WORK TO BE COMPLETED: The whole listing should be retyped word for word, apart from the pictures it holds.

DATASET CONTENT:
****
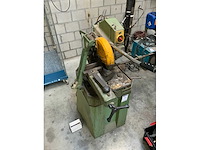 Thomas 315 l sup afkortcirkelzaagmachine - afbeelding 7 van  7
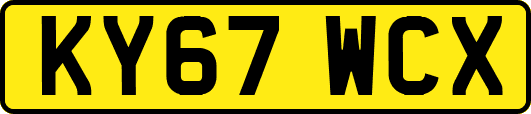 KY67WCX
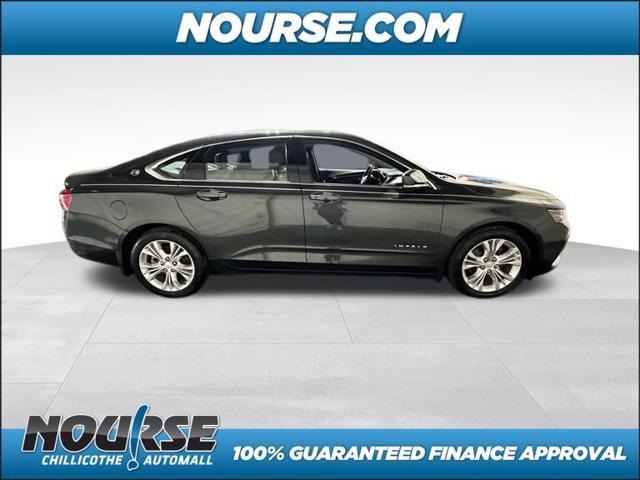 used 2014 Chevrolet Impala car, priced at $13,928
****
TASK OUTPUT:
 Thomas 315 l sup afkortcirkelzaagmachine - afbeelding 7 van  7
 KY67WCX
 used 2014 Chevrolet Impala car, priced at $13,928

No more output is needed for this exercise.